Keep the faith

April 06, 1997|By Sara Engram

ONCE AGAIN the world witnessed the dangers of errant religious authority, as Marshall Herff Applewhite persuaded a band of followers that a higher level of being was preferable to this earthly vale of tears.

But while the mass suicide of cult members is disturbing, the effects of the event are about as far removed from most Americans' lives as the spaceship that Heaven's Gate members believed was waiting for them once they shed their earthly containers.

Not so with some less dramatic but more difficult questions of religious law and authority.

In New York the other day, a group of conservative rabbis took it upon themselves to declare that any practice of Judaism other than Orthodoxy is ''not Judaism at all, but another religion.'' With that pronouncement, they put Reform and Conservative Judaism -- which includes the majority of American Jews -- outside the fold.

That move has been denounced by two other Orthodox groups, but the rift may get even wider. In Israel, Orthodox rabbis are trying to strengthen an already tight hold over the power to determine who qualifies as a Jew.
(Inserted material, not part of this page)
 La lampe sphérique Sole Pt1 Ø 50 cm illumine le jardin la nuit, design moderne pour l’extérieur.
A parliamentary vote this past week gave preliminary approval to legislation that would enshrine in law the control over conversion to Judaism traditionally given to Orthodox rabbis. Conversions performed in Israel by Conservative or Reform rabbis are not regarded as legitimate.

Meanwhile, some Christian groups are grappling with their own efforts to mark proper boundaries. The Presbyterian Church (U.S.A.) has enough votes to approve an amendment to church law requiring its ministers and officers ''to lead a life in obedience to Scripture and in conformity to the historic confessional standards of the church,'' including the requirement to live ''either in fidelity within the covenant of marriage between a man and a woman, or chastity in singleness.''

The provision is aimed at preventing the church from ordaining practicing homosexuals as ministers. But it casts a wider net, since it covers the sins of would-be ministers as well as those lay people who volunteer to serve on boards of the church. Although the amendment singles out sexual practices, its reference to scripture and the confessional standards of the church suggests to some people that it could also be interpreted to exclude those who are guilty of other sins as well.

Miraculous survival

So here we have Judaism, a much-persecuted religion whose very survival through the ages seems miraculous, tied in knots over the question of who qualifies to be a Jew.
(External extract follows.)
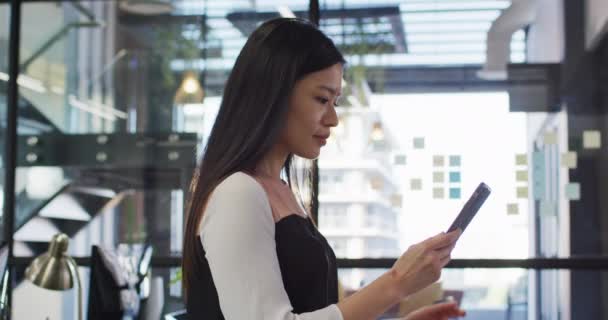 Portret Van Aziatische Zakenvrouw Met Tablet Glimlachend Kijkend Naar Camera — Stockvideo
Meanwhile, Presbyterians have extended a thorny debate about the proper qualifications for those ordained to preach from the pulpit into a question of who is good enough to serve on boards. Churches that depend on the devotion that inspires countless hours of volunteer time can now threaten to throw stones at any workers who don't fully measure up.
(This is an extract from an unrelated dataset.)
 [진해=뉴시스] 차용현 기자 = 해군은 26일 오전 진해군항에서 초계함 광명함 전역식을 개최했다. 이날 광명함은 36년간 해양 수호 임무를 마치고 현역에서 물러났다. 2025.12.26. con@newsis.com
Few congregations will. Witch hunts aren't much fun, and they carry a high price.

But the threat is there, and any homosexuals who had hoped to be ministers in the Presbyterian Church (U.S.A.) have gotten a clear response to their long campaign for acceptance.

In some churches, including some in Baltimore, the problem has little to do with the minister, but a lot to do with the willingness and ability of members to participate in congregational activities. In some churches, the lay boards include people who qualify as ''practicing homosexuals.'' Their presence helps fill the pews, their efforts help keep church programs running smoothly, their contributions help pay the bills.

Despite the new law, it is doubtful that the members of these churches will turn against their neighbors.

And there's not much chance that Reform and Conservative Jews will stop considering their religion to be Judaism, regardless of what some Orthodox rabbis say.

Unbending boundaries might work in tennis or football. But in discerning how the laws of faith best apply to the often-muddled realities of life, ruling other people out of line can be much trickier work.

Sara Engram is deputy editorial-page editor of The Sun.